Sir, at the moment am still waiting for my permit to be released because am only going out with acknowledgment result. so I wish you can guide me for a sample of this motivational letter because earlier this year I went to VFS and I was told to do that in other for them to help me apply true them.


----------



## brightc (Dec 9, 2015)

Thanks for your kind responds sir.
Yes I do have a police clearance I did and no I don't have a visa at the moment because the one I came to SA with has expired long ago of which I was waiting for the one I applied which was rejected firstly due to my wife ID was not certify and the means of spousal account which I find very strange because I have no permit to have an account and secondly I was new to SA so, I wonder why it was part of the things rejected. 
Sir, at the moment am still waiting for my permit to be released because am only going out with acknowledgment result. so I wish you can guide me for a sample of this motivational letter because earlier this year I went to VFS and I was told to do that in other for them to help me apply true them


----------



## ernal (Jul 16, 2014)

U need to go to Home affairs and apply for such letter before you can apply at VFS, i think going to an home affairs and do a motivation letter.2013 is a long time to be waiting for spouse visa, you should have followed up months after and your spouse need to show at least she can support you with a monthly income of 8500. Goodluck


----------



## brightc (Dec 9, 2015)

Thanks again for a your responds sir and to be candid with you my wife and I have always followed it up and the last time we visited home affairs head office in Pretoria was four months ago of which they never let us in rather gave us a tool free line to call which they never answer up till date. I have indeed call the lines they usually answer me to all they keep saying is check back in two weeks time always saying that. my wife has always try her best but they never care about us. its indeed very painful being in a country like here but can't do anything good for myself. my wife works and her monthly income is more than the amount requested to be seen on the proof of account so what's keeping my permit pending is what I don't know.


----------



## ernal (Jul 16, 2014)

All i will suggest is go to the nearest home affairs next to you with your wife and seek assistance on getting the letter of good cause? If you are currently in the country with no permit u considered illegal and i suggest you really seek expert advice and also get the letter requested and set the ball in motion. Godlike


----------



## brightc (Dec 9, 2015)

Thanks will do and am thinking of using a lawyer or an advocate to help me out if possible.
once again I really appreciate your kind gesture on my case . Your advice is noted.
Thanks once again.


----------



## ernal (Jul 16, 2014)

Are u in Durban?


----------



## brightc (Dec 9, 2015)

No sir, I'm in Queenstown, eastern cape.


----------



## hopeful1986 (Feb 5, 2014)

Hi Brightc,

Since you have now been marrief for 3 years is it not better to apply afresh? I have no experience with the letter of good cause, but perhaps your previous application experienced issues because your relationship with your wife was still so new, which is no longer the case. The real concern is that if you dont have a valud permit you will likely be banned from SA which will cause immediate issues. This can be appealed but you need to get a clear picture asap.

Good luck


----------



## arai (Jul 15, 2019)

ernal said:


> Are u in Durban?


Hi Ernal,
I was using a study permit and i applied for a critical skill visa which came out as a rejection. At that same week, i had a medical surgery and i was hospitalized for 3 weeks. When i got out, the VFS told me i need form20 to reapply or submit the rejection.

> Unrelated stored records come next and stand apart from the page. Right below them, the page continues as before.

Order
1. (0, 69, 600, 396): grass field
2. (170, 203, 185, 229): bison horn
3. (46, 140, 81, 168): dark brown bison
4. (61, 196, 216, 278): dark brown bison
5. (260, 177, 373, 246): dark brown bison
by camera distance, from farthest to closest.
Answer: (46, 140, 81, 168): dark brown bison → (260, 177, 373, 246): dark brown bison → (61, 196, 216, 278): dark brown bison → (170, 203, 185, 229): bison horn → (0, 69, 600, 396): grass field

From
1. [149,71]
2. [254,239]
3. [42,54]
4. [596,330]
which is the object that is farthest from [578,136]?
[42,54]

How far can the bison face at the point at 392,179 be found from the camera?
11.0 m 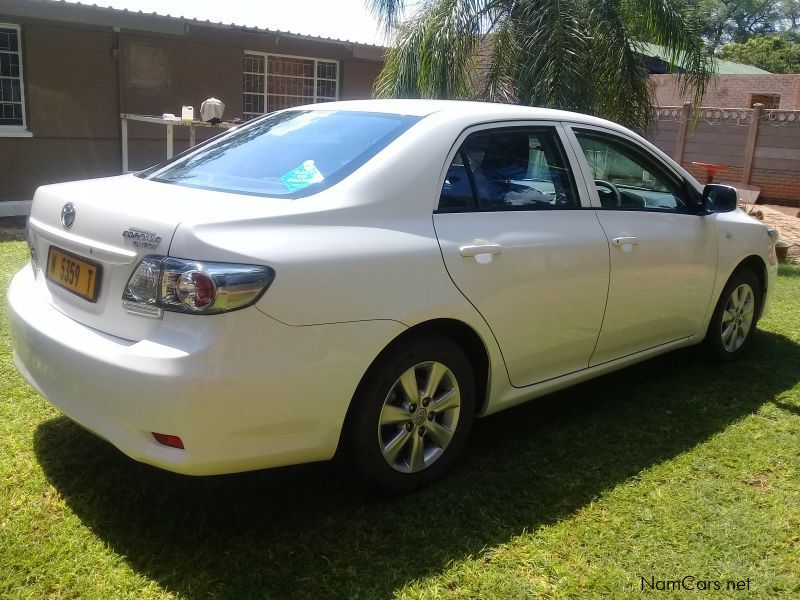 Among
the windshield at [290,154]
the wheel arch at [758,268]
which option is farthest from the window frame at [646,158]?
the windshield at [290,154]

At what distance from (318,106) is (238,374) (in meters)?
1.82

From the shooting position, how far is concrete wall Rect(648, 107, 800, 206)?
47.8 ft

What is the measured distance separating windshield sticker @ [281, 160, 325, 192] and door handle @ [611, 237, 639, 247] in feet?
5.32

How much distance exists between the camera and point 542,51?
346 inches

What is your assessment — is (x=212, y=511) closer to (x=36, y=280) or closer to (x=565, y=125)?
(x=36, y=280)

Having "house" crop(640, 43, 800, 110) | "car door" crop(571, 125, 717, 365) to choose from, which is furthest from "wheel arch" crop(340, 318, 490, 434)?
"house" crop(640, 43, 800, 110)

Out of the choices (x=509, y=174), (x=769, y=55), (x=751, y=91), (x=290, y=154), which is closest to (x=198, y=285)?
(x=290, y=154)

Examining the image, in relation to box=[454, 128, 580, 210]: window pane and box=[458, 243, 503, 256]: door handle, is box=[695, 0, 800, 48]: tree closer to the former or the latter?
box=[454, 128, 580, 210]: window pane

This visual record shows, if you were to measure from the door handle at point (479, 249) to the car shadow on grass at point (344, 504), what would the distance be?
1.01 meters

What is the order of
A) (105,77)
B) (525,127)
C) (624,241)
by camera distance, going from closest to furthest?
(525,127)
(624,241)
(105,77)

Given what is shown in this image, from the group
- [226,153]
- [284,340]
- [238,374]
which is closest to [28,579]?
[238,374]

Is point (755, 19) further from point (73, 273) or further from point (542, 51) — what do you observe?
point (73, 273)

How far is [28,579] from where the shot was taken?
2680mm

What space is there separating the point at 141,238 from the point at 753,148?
14507 mm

I went to DHA 6 consecutive times just to apply for the form20 and they were either having a technical problem or they were being very rude to people or downtime performing marriage interviews.

Out of frustration, i sourced and got help from an immigration agent. she took my form and submitted. I kept in contact with her and for 3 months and on the 4th month i asked her if it was ready.

She’s coming up with so many different stories that its been approved and she needs to make time to pick it up from the VFS office. At this point, i think i am being scammed and i do not know what i am actually thinking.

Again out of more frustration, on the same day I had an appointment with my Professor is the same day I have to see the immigration. There it goes again, I went to the home affairs regional office to try and reapply. I got lucky and after the brief chat with the immigration officer, I turned in all my original medical certificates and passport copy, and the immigration officer asked to get a police affidavit so as she can submit the application. So i asked her if I can get the police affidavit the next day because I was heading back to the campus to see my supervisor for my PhD proposal.

She was so furious and very angry that I was working in the country without a permit and she said she will issue a letter to leave the country if I come to submit the police affidavit. I got scared and I did not return to submit the police affidavit.

Please advice, what can i possibly do to find a more proactive solution to this mess i got myself into. I reside in Durban.


----------



## jollem (Nov 9, 2016)

A form 20 is not done at VFS. You need to go to a DHA regional office. They are quite understanding if you have a genuine reason and proof. But you also need to gather all the documents required for your type of visa application (all docs including medicals etc).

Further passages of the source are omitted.